**Instructions to follow:** In this exercise, retype exactly and only the lines from the top of the entries below through the line that holds "el auto se vuelca", omitting pictures.

Stored items
====

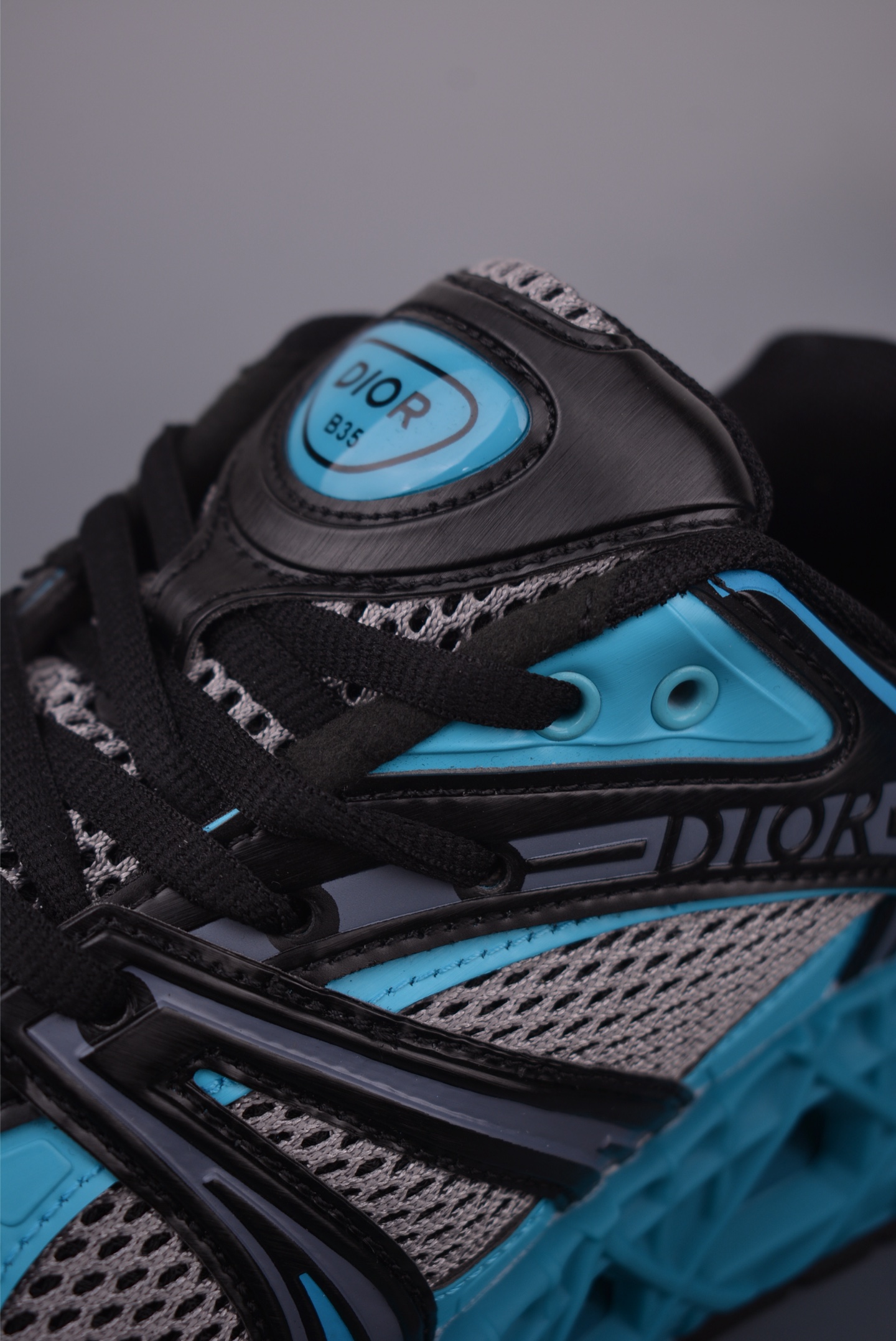 Dior B35 NXT Sneakers - Tech-Forward Design, Retro Aesthetic, Ultimate Comfort 7 i1757118210316 6165 0 6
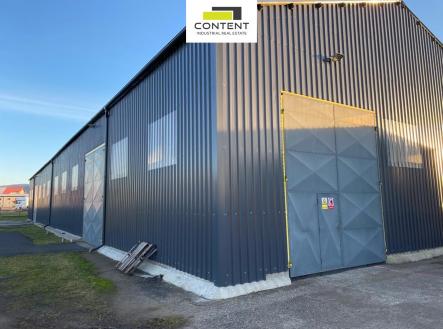 Pronájem skladovací prostor, 880 m²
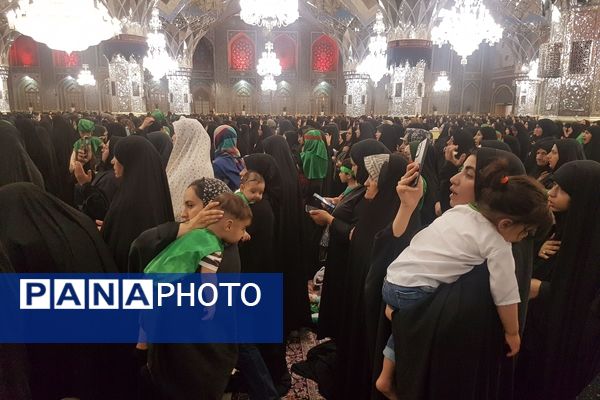 برگزاری بزرگترین اجتماع شیرخوارگان حسینی در حرم مطهر رضوی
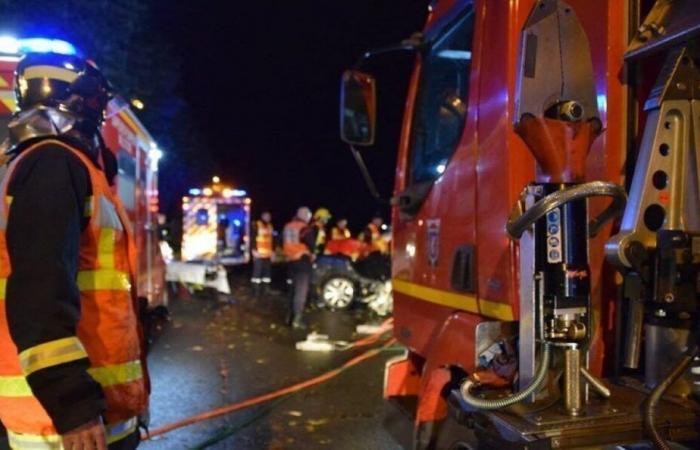 el auto se vuelca y choca contra otros dos vehículos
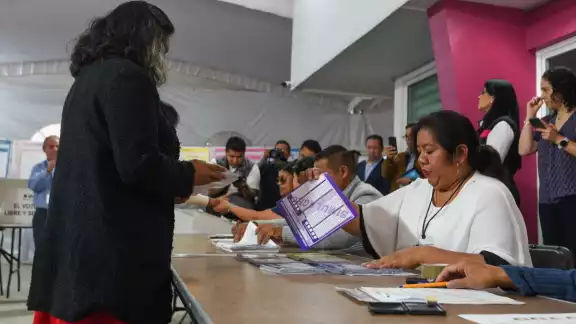 La medida, aprobada por el INE el 29 de mayo, busca evitar la inducción del voto en favor de ciertos candidatos La medida, aprobada por el INE el 29 de mayo, busca evitar la inducción del voto en favor de ciertos candidatos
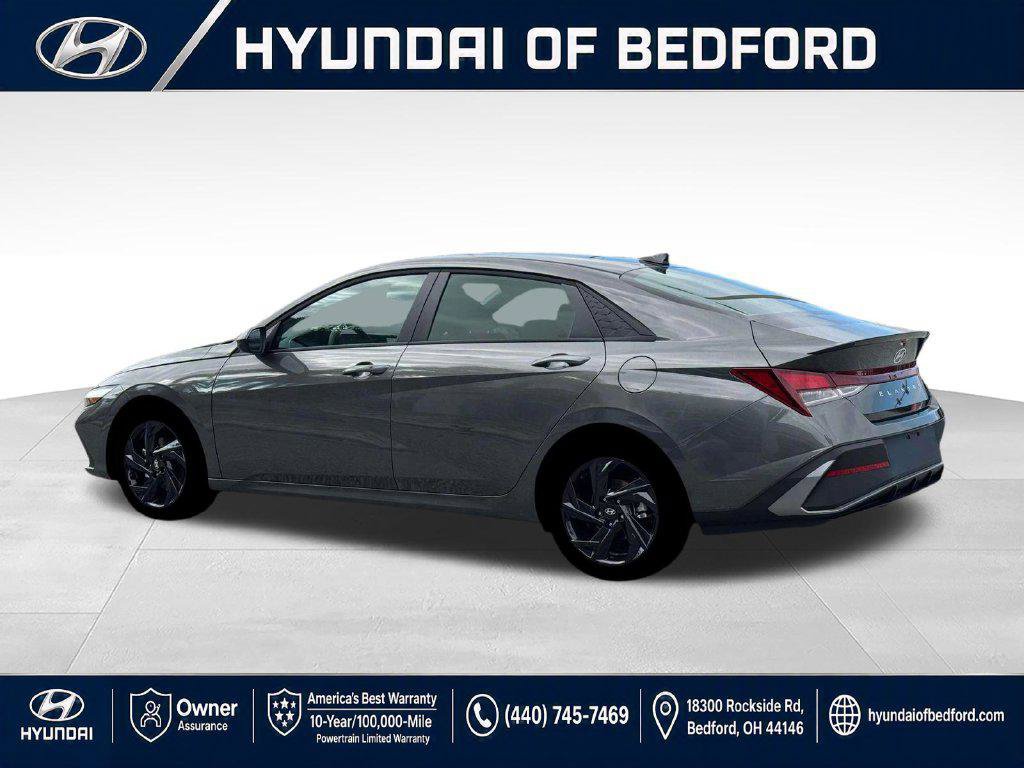 New 2026 Hyundai Elantra Sport FWD image 5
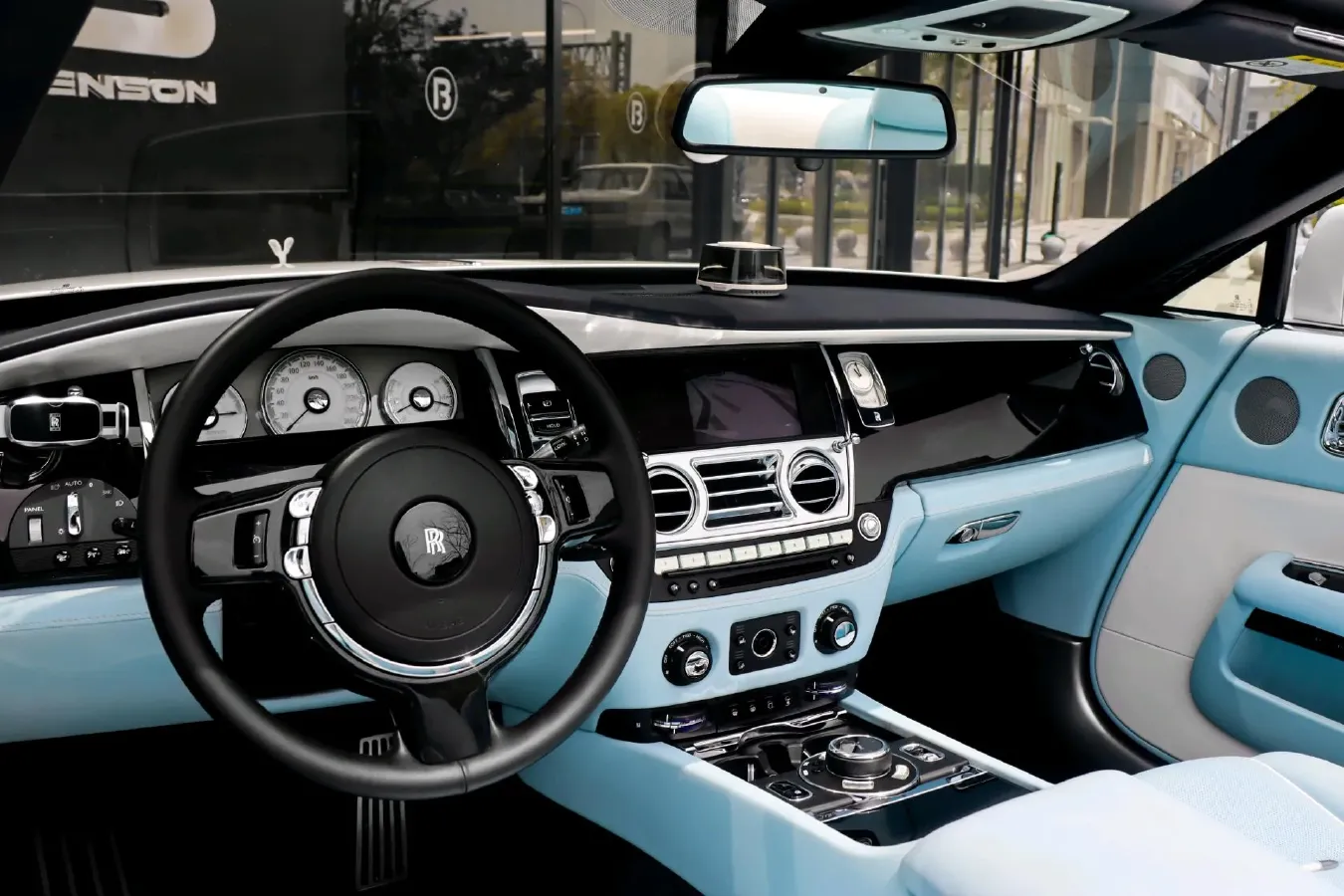 2018 Rolls-Royce Dawn 6.6T 571HP V12 8AT,autocango,china used car exporter,china ev exporter,chinese used car exporter,chinese used ev exporter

====

**Task output:**
 Dior B35 NXT Sneakers - Tech-Forward Design, Retro Aesthetic, Ultimate Comfort 7 i1757118210316 6165 0 6
 Pronájem skladovací prostor, 880 m²
 برگزاری بزرگترین اجتماع شیرخوارگان حسینی در حرم مطهر رضوی
 el auto se vuelca y choca contra otros dos vehículos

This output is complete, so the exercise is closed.